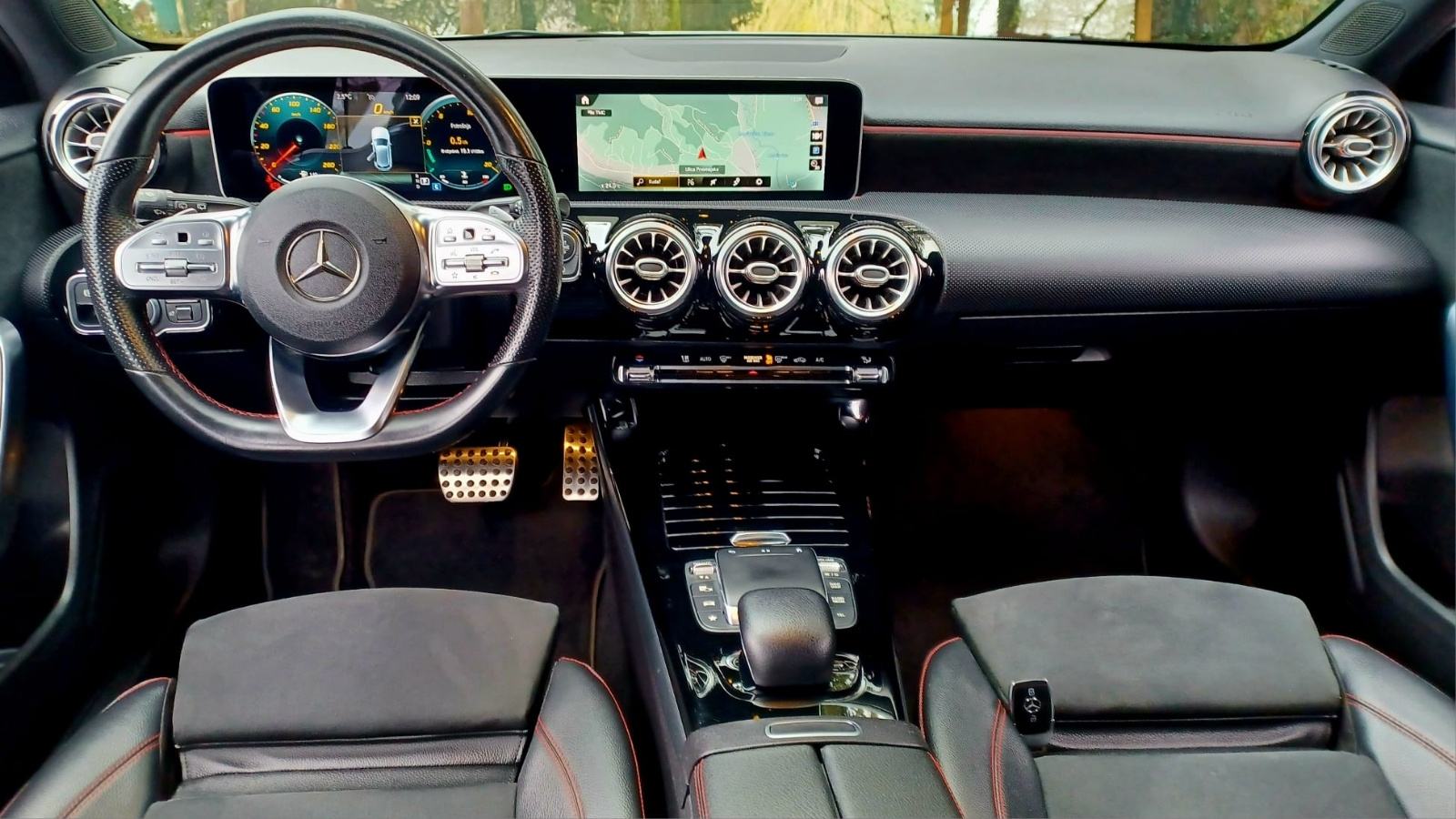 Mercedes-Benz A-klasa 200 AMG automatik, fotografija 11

--

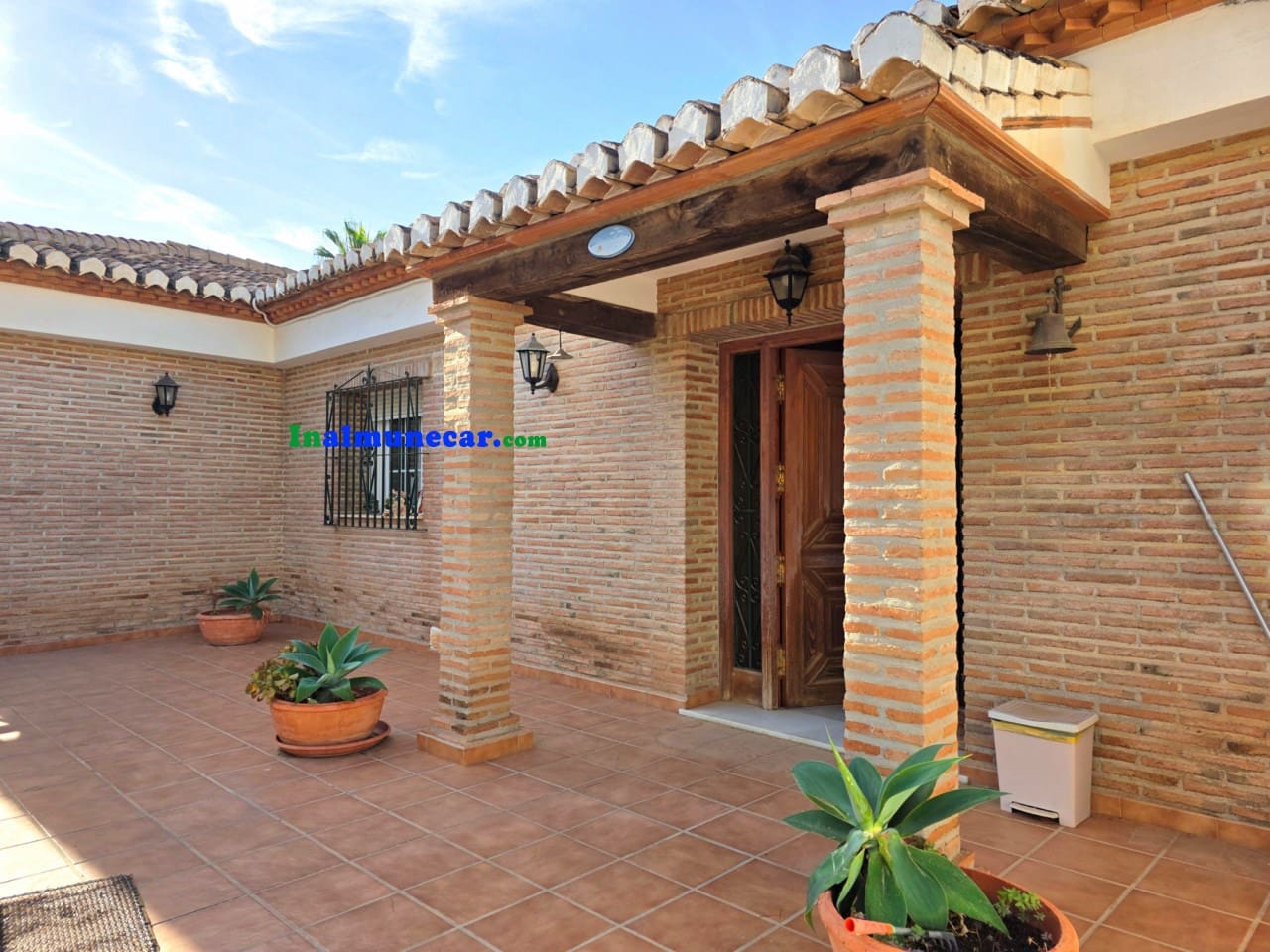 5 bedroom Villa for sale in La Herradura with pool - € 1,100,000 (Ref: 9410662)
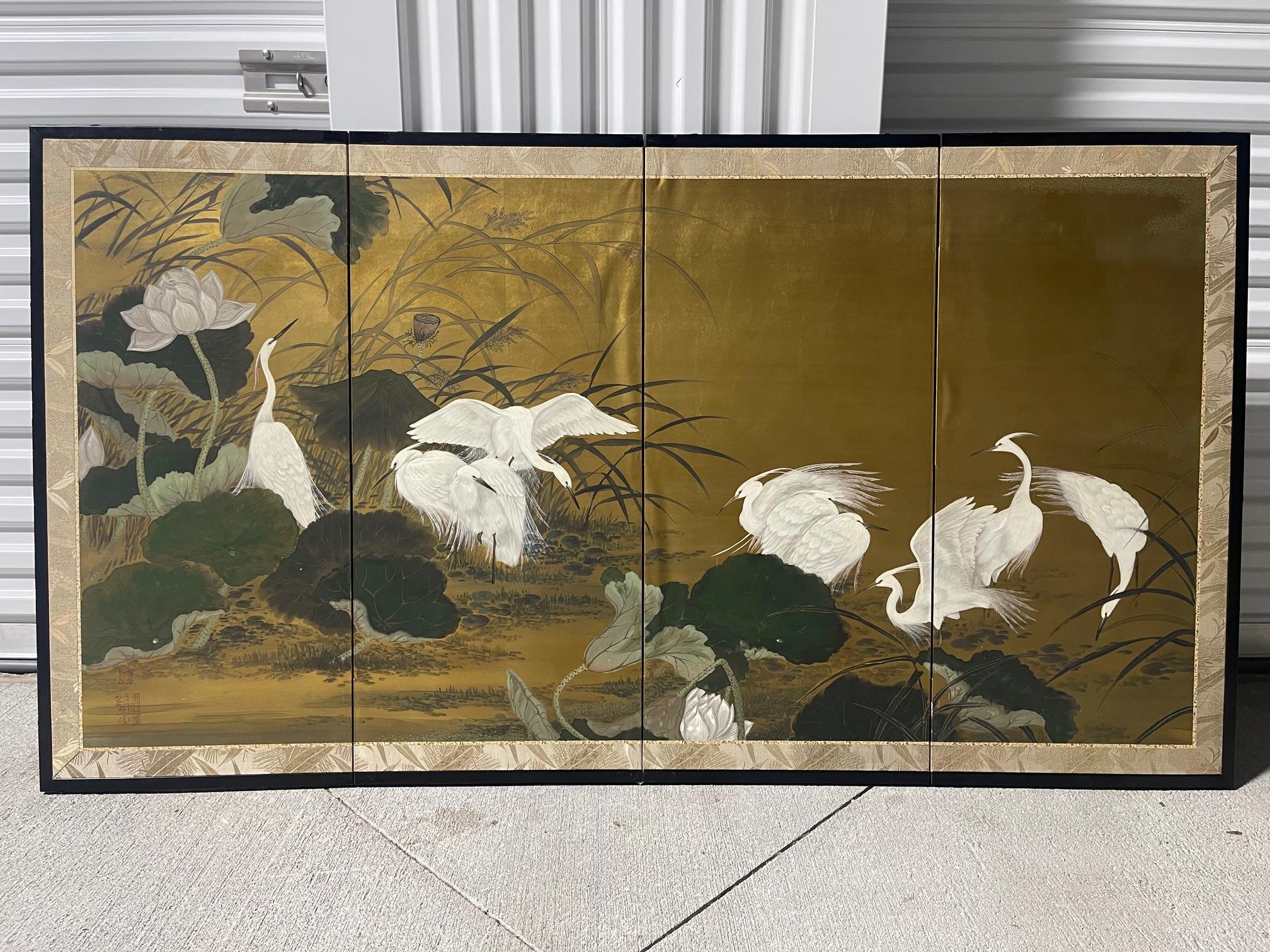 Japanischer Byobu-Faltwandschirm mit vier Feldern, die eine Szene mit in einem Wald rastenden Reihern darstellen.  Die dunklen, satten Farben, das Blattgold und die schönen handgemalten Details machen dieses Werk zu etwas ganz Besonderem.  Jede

* * *

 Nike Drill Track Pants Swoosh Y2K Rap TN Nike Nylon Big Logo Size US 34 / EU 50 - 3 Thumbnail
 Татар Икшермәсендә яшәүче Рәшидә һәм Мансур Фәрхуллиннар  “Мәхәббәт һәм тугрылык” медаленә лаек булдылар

Work order
Reproduce the listing above exactly from the line containing "5 bedroom Villa" up to and including the line containing "Japanischer Byobu-Faltwandschirm mit", omitting any images and everything outside those lines.

Solution to this task
 5 bedroom Villa for sale in La Herradura with pool - € 1,100,000 (Ref: 9410662)
 Japanischer Byobu-Faltwandschirm mit vier Feldern, die eine Szene mit in einem Wald rastenden Reihern darstellen.  Die dunklen, satten Farben, das Blattgold und die schönen handgemalten Details machen dieses Werk zu etwas ganz Besonderem.  Jede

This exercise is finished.